• WHAT IS EXPECTED: Whenever a line in the entries below contains the string "game", copy that line.

• Short text fragments from websites:
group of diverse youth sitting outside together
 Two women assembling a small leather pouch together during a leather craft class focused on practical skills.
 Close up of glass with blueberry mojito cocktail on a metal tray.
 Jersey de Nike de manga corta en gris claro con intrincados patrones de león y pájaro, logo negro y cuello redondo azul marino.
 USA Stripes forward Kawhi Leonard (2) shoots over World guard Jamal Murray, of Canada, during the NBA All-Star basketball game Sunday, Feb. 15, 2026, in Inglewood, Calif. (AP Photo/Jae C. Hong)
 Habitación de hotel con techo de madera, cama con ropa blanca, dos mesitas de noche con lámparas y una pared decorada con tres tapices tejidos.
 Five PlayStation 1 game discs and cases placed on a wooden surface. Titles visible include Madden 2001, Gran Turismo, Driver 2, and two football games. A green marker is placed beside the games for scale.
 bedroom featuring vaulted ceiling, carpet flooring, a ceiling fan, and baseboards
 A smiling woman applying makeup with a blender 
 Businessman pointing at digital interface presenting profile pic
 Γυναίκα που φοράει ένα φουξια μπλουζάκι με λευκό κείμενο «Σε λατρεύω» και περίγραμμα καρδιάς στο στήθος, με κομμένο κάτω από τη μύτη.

• RESPONSE BELOW:
 USA Stripes forward Kawhi Leonard (2) shoots over World guard Jamal Murray, of Canada, during the NBA All-Star basketball game Sunday, Feb. 15, 2026, in Inglewood, Calif. (AP Photo/Jae C. Hong)
 Five PlayStation 1 game discs and cases placed on a wooden surface. Titles visible include Madden 2001, Gran Turismo, Driver 2, and two football games. A green marker is placed beside the games for scale.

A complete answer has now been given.